══ Data for analysis
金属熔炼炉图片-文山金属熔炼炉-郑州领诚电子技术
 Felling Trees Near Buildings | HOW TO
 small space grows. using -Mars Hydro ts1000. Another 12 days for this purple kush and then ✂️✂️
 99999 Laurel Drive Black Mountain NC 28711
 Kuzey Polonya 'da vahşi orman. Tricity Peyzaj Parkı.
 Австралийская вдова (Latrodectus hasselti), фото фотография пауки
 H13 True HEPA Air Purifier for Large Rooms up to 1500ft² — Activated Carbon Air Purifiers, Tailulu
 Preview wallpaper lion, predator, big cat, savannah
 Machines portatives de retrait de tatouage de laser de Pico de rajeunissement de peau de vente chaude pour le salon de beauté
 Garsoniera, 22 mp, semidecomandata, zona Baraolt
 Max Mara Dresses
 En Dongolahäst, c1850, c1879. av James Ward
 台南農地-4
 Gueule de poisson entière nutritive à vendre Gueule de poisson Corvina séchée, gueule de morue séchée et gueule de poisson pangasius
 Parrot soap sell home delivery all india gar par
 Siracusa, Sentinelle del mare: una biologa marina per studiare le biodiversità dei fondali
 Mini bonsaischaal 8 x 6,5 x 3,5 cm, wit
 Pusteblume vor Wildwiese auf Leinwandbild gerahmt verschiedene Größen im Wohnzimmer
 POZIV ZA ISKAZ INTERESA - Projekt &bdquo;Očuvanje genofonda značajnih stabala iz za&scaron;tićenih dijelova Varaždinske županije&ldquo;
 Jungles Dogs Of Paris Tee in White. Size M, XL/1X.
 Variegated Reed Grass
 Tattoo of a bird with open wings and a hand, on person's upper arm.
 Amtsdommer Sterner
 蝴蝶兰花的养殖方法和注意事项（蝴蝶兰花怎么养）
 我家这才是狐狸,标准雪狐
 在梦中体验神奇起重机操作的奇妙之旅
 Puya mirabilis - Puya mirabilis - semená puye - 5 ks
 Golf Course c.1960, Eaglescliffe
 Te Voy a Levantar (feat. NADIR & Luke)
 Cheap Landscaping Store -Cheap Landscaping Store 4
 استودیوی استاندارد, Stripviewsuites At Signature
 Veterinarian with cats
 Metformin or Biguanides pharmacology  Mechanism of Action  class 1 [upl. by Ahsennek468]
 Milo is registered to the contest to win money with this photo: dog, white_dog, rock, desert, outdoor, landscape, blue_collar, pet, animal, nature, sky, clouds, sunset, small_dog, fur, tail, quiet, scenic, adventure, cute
════
The answer must be the line containing "Mini bonsaischaal 8 x 6,5 x 3,5 cm, wit" and every line after it to the end of the data, each set down exactly.

 Mini bonsaischaal 8 x 6,5 x 3,5 cm, wit
 Pusteblume vor Wildwiese auf Leinwandbild gerahmt verschiedene Größen im Wohnzimmer
 POZIV ZA ISKAZ INTERESA - Projekt &bdquo;Očuvanje genofonda značajnih stabala iz za&scaron;tićenih dijelova Varaždinske županije&ldquo;
 Jungles Dogs Of Paris Tee in White. Size M, XL/1X.
 Variegated Reed Grass
 Tattoo of a bird with open wings and a hand, on person's upper arm.
 Amtsdommer Sterner
 蝴蝶兰花的养殖方法和注意事项（蝴蝶兰花怎么养）
 我家这才是狐狸,标准雪狐
 在梦中体验神奇起重机操作的奇妙之旅
 Puya mirabilis - Puya mirabilis - semená puye - 5 ks
 Golf Course c.1960, Eaglescliffe
 Te Voy a Levantar (feat. NADIR & Luke)
 Cheap Landscaping Store -Cheap Landscaping Store 4
 استودیوی استاندارد, Stripviewsuites At Signature
 Veterinarian with cats
 Metformin or Biguanides pharmacology  Mechanism of Action  class 1 [upl. by Ahsennek468]
 Milo is registered to the contest to win money with this photo: dog, white_dog, rock, desert, outdoor, landscape, blue_collar, pet, animal, nature, sky, clouds, sunset, small_dog, fur, tail, quiet, scenic, adventure, cute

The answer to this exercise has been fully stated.